**Required action**
Take the lines below from the one with "2350 W Cherry Street, Paris, TX 75460" through the one with "REFINISHED Danish MCM" and print only them, exactly. Don't print the pictures.

**Source material**
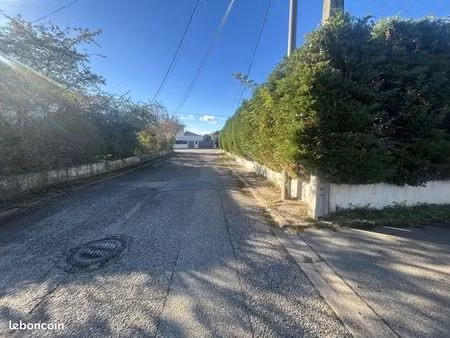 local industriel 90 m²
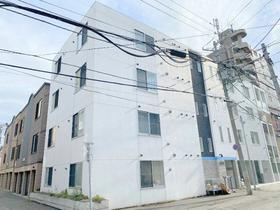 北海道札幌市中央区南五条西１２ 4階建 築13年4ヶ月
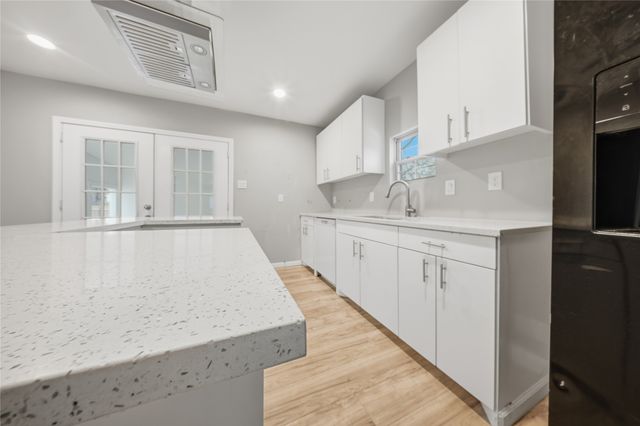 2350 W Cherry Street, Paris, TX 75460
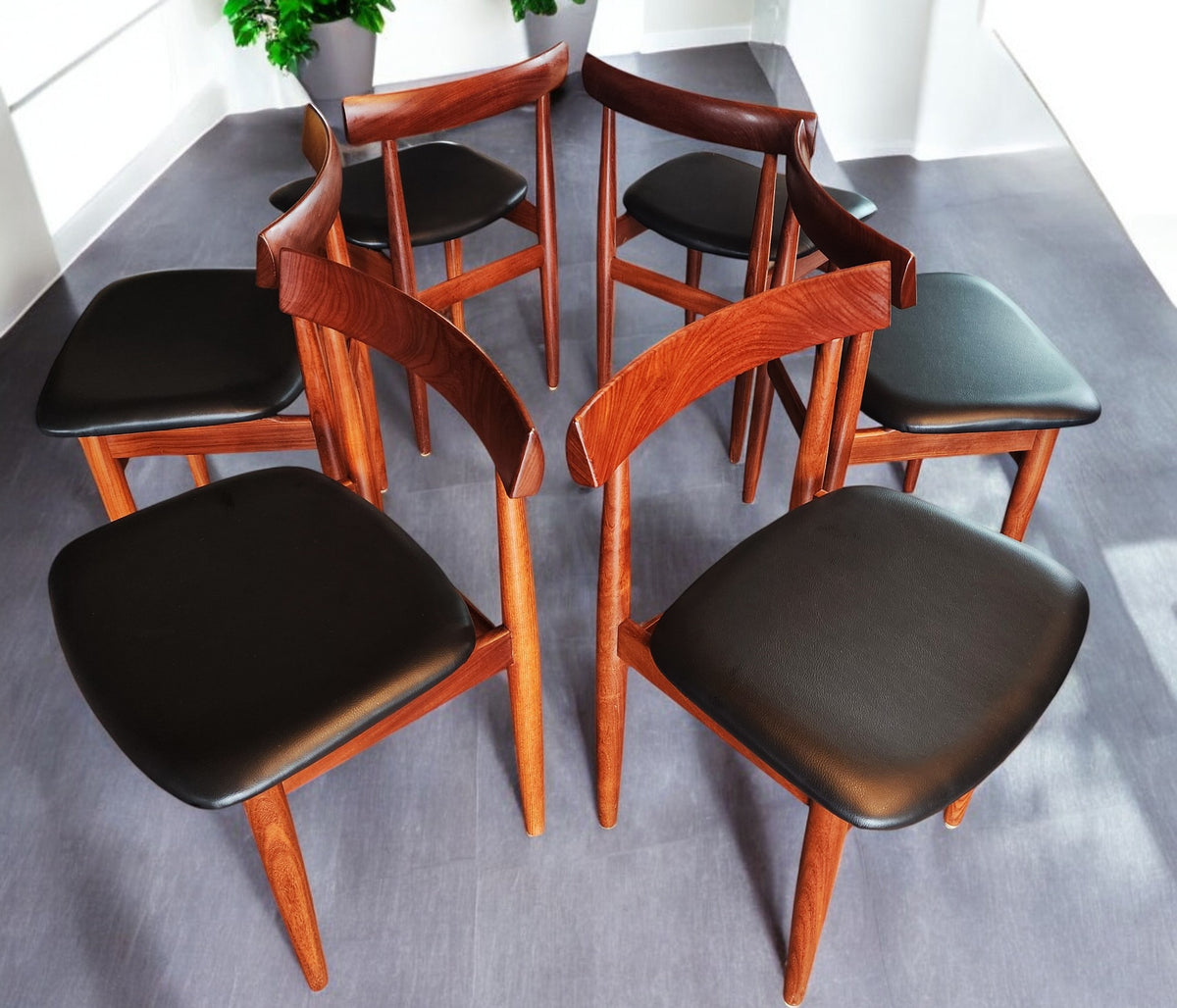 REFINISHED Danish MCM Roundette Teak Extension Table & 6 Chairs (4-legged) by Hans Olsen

--

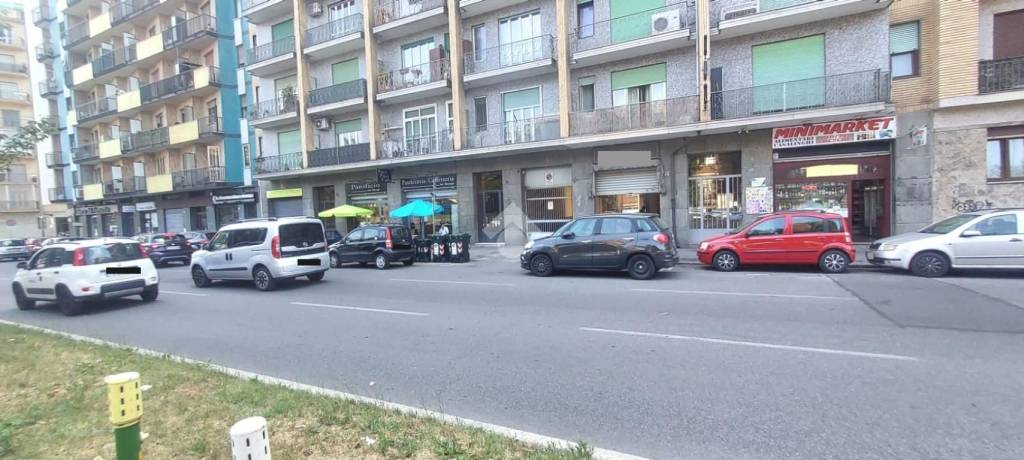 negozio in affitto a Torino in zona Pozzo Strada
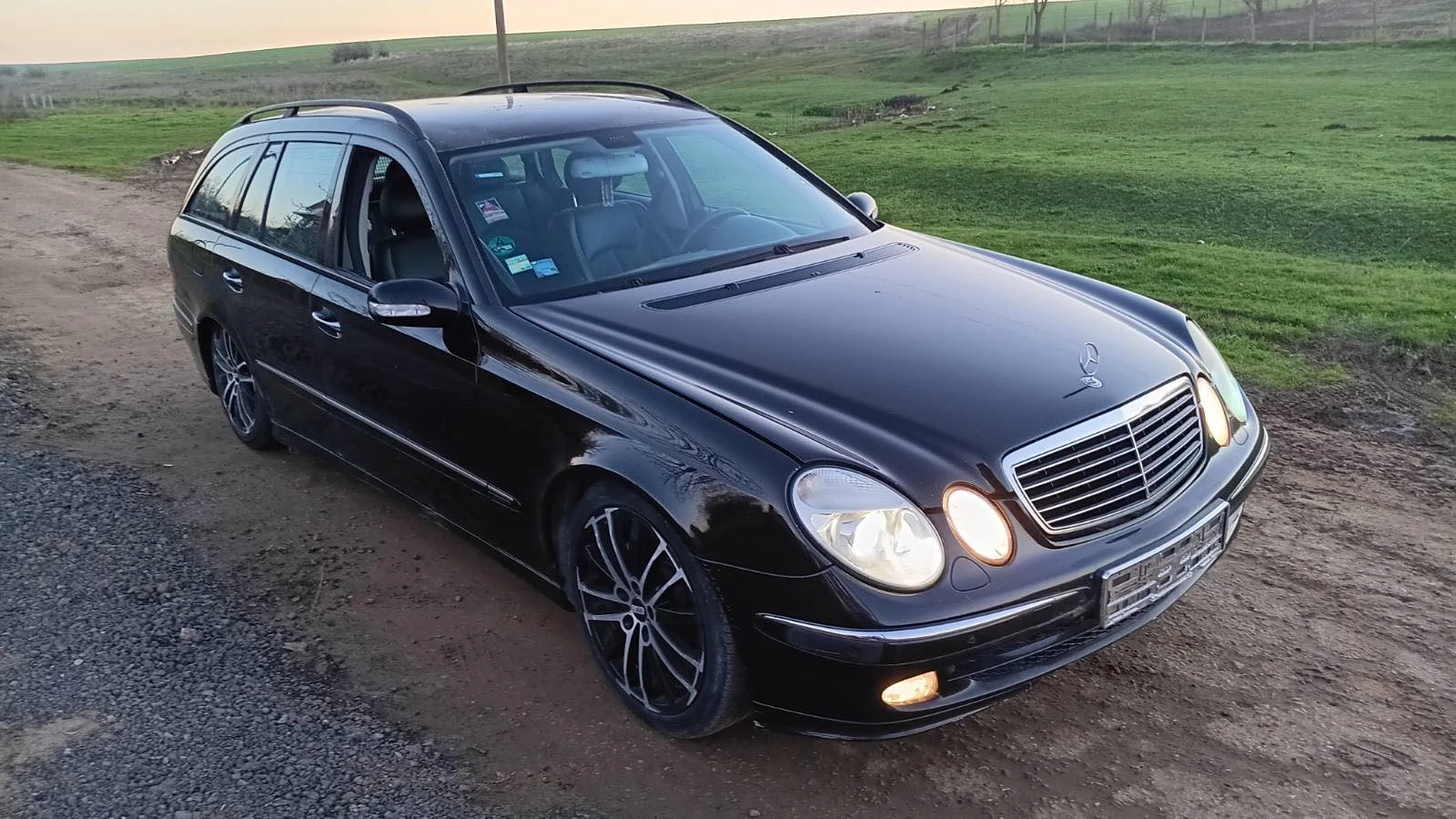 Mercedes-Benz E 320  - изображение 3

**The answer**
 2350 W Cherry Street, Paris, TX 75460
 REFINISHED Danish MCM Roundette Teak Extension Table & 6 Chairs (4-legged) by Hans Olsen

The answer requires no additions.